• **DESCRIPTION OF THE TASK**: With both ends included, transcribe exactly the records below from their first line to the line that contains "Pingu And Pinga A Flower For The Lady Shirt".

• **DATASET EXCERPTS**:
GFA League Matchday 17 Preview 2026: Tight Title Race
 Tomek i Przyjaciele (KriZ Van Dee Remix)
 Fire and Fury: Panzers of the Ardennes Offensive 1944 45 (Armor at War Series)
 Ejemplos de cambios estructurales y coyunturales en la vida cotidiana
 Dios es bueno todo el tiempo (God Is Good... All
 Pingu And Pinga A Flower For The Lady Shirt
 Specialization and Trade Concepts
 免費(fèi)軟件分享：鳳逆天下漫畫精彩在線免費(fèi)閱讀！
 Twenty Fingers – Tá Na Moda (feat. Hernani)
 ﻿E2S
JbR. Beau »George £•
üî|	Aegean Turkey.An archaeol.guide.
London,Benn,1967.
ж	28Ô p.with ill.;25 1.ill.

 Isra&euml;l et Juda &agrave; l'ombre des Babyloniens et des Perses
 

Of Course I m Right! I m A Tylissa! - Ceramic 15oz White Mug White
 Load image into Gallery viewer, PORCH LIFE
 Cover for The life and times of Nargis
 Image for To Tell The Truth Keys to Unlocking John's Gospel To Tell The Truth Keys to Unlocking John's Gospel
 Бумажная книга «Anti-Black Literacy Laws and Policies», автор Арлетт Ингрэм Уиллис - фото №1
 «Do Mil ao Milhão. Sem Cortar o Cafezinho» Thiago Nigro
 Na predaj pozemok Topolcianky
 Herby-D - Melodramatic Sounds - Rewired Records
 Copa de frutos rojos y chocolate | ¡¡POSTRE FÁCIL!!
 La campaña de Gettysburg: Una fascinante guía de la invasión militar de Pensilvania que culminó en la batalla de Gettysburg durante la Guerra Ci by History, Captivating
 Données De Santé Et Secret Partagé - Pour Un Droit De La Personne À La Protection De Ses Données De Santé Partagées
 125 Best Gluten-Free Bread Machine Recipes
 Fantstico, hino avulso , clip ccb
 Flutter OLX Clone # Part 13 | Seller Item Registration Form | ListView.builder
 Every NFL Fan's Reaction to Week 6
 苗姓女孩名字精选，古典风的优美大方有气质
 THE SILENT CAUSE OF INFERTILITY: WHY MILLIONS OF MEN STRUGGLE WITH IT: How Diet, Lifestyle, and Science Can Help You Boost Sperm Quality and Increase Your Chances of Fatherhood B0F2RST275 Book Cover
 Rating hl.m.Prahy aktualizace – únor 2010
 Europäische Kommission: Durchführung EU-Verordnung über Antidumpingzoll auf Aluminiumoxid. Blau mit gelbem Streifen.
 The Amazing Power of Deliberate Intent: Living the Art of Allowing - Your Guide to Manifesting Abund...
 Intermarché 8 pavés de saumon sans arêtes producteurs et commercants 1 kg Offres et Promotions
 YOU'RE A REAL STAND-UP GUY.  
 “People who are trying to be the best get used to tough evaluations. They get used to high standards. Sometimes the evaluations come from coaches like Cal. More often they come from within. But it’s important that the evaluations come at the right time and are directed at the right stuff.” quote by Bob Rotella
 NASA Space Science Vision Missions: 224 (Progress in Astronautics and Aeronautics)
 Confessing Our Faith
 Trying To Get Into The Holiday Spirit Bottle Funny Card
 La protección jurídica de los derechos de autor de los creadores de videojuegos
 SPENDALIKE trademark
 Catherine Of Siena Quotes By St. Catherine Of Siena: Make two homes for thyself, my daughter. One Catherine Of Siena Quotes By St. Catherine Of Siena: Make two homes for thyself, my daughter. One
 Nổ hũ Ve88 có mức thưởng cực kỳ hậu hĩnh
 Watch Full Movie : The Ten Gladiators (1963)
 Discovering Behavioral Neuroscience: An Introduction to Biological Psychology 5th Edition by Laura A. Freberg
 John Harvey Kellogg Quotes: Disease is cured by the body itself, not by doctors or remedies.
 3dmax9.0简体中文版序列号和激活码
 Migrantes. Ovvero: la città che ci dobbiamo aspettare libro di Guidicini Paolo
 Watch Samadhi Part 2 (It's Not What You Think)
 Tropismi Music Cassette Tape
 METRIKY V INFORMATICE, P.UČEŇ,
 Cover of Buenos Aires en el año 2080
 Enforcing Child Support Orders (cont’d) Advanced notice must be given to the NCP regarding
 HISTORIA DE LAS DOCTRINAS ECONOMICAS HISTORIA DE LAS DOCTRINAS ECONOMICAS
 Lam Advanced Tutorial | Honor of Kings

• **SOLUTION BELOW**:
GFA League Matchday 17 Preview 2026: Tight Title Race
 Tomek i Przyjaciele (KriZ Van Dee Remix)
 Fire and Fury: Panzers of the Ardennes Offensive 1944 45 (Armor at War Series)
 Ejemplos de cambios estructurales y coyunturales en la vida cotidiana
 Dios es bueno todo el tiempo (God Is Good... All
 Pingu And Pinga A Flower For The Lady Shirt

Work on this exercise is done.